芸名はまったく関係ないんです(笑)。普段、自分のことを「くるま」だと思ってなくて(笑)。だから「いつもアクセル全開ですね」とか言われても、後から「あ、くるまだからそう言ったんだ」と気づくくらい。

今回のきっかけは、北野武さんの『その男、凶暴につき』を改めて観たことでした。後部座席から運転席を映したカットがあるんですけど、それを見た瞬間、「いま見るとドラレコ映像っぽいな」と思ったんですよ。当時はドラレコなんてなかったから、もちろんそういう意図ではないと思うのですが、いまの僕らは、あの画角を見ると夕方のニュースで流れる事故映像を連想する。時代が変わったことで見え方まで変わるんだな、と。それがすごく面白くて調べてみたら、ドラレコを使ったホラーはたくさんあるけれど、コメディはあまりない。だったら、外向きではなく、内向きの会話劇を作ろう、と考えていきました。今回はまず、「映画ってどうやって生まれるんだろう」というところから考え始めた作品だったんです。

――キャストも非常に豪華ですが、オダギリさんはYouTube『くるまの助手席』の最初のゲストでもありましたよね。

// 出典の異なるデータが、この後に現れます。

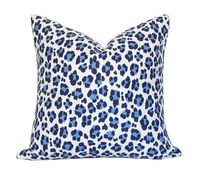 Luxury throw pillow made of high quality designer fabric with an elegant cheetah pattern in a soothing blue color. Perfect for your bed or sofa. Size customizable. :::::::::::::::::::::::::::::::::::::::::::::::::::::::: D E T A I L S :::::::::::::::::::::::::::::::::::::::::::::::::::::::: ∙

あのときは「不思議な組み合わせだな」と思っていましたが、いまになって振り返ると、本作の伏線だったのかと思うのですが。

実はキャスティングのほうが少し先に決まっていて、そのあと同じタイミングで「YouTubeを始めませんか」という話が来たんです。だから、あの時点でオダギリさんに出演していただくことは決まっていましたが、まだお会いしたことはなかったんです。ご本人はご自身の作品のプロモーションで出てくださっていたのですが、オダギリさんがすぐに『BREAK SHOT』の話をしちゃうんですよ。だから「まだですよ、まだですよ」って、その部分はめちゃくちゃカットしました(笑)。

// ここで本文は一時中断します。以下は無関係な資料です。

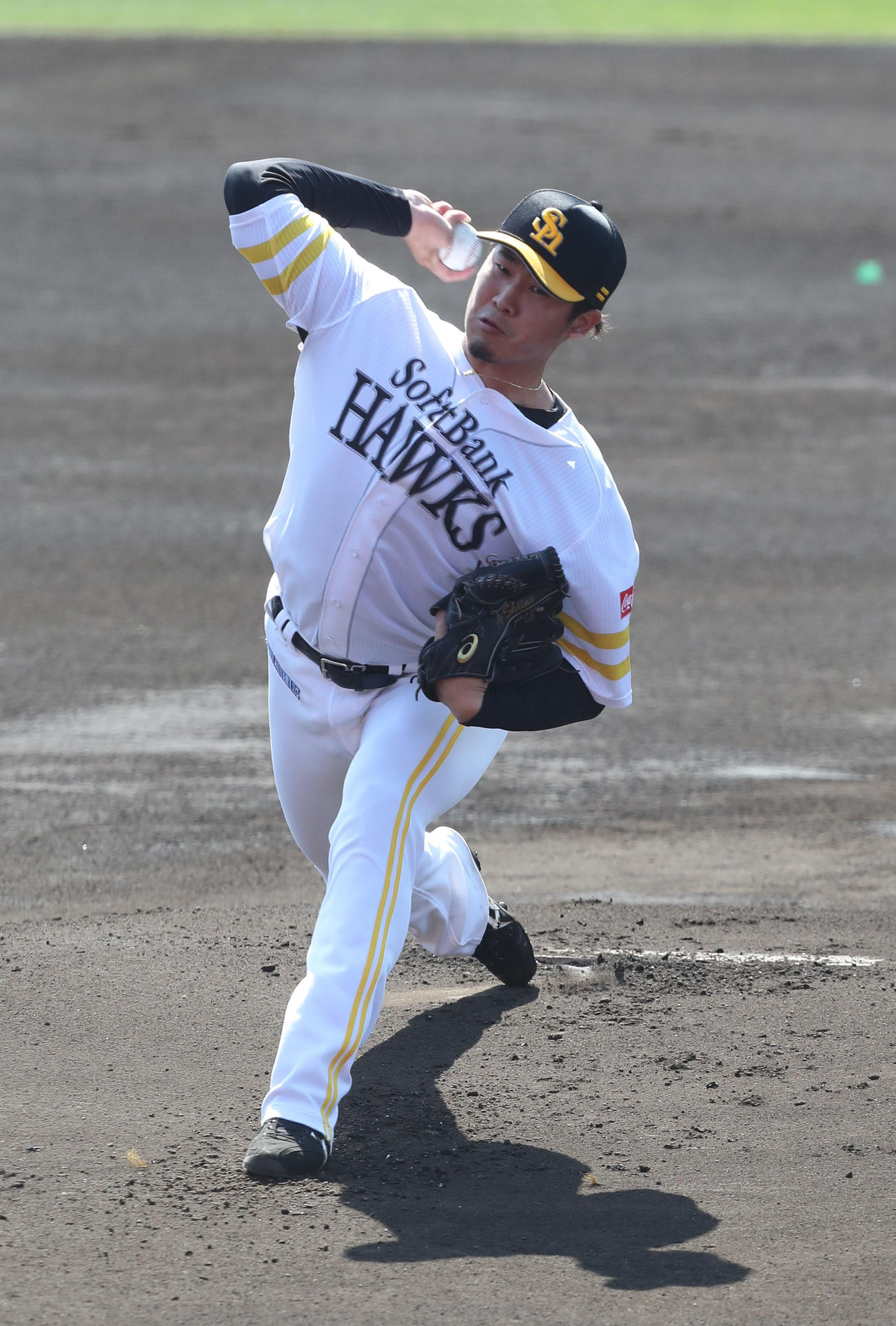 練習試合　西武対ソフトバンク　ソフトバンク先発・杉一樹（撮影・梅根麻紀）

――(笑)出演のオファーも、ご自身の言葉で届けたそうですね。

脚本もまだ完成していなかったし、普通のメールだけでは伝わらない気がしたんです。ちょうどその頃、『チルド』でご一緒していた染谷将太さんに「俳優さんへのオファーってどういうパターンがあるんですか」と聞いたら、「熱い人は直筆の手紙を書いたりしますよ」と教えてくださって。でも僕は筆で手紙を書くタイプでもない(笑)。だったら、自分はしゃべる仕事をしている人間なんだから、動画で自分の言葉でお願いするのが一番誠実なんじゃないかと思って、ビデオレターを送りました。森川(葵)だけはもともと友達だったのでLINEでお願いしましたけど、オダギリさんをはじめ、何人かにはそういう形でお願いしました。もちろんスケジュールが合わなかった方もいましたが、そのやり取りをきっかけに交流が深まった方もいます。高良(健吾)さんはプロデューサーがつないでくれました。

――ご自身を「クリエイターではない」と表現されていますが、くるまさんにとって「ものづくり」とはどのようなものなのでしょうか。

僕にとってものを作ることは、ゼロからイチを生み出すことではないんです。あるものを組み合わせて、自分というフィルターを通して発信すること。それが自分のやっていることだと思っています。

――その過程で、くるまさんが最も面白いと感じる瞬間はどこにありますか。

やっぱり僕はクリエイターじゃないからこそ、なんですよね。クリエイターの方って、「アイデアが降ってきて、それを形にしている時間が一番興奮する」とおっしゃる方が多いと思うんです。でも僕はそうじゃない。

今回で言うと、「時間が空いて映像作品を作れるかもしれない」となったときに、たまたま映画プロデューサーの友達がいて、そこから企画が動き始めた。そういう偶然というか、「流れ」ができる瞬間が一番好き。もちろん、自分の能力を分析して最適なチームを探し、0.1ミリでも高みを目指すやり方もあると思います。でも、それは純粋なクリエイターの仕事だと思うんです。僕は、人との縁とか運とか出会いとか、そういうものがひとつの仕事に向かって流れていく。その流れ自体を表現することが、自分の個性なんじゃないかと思っています。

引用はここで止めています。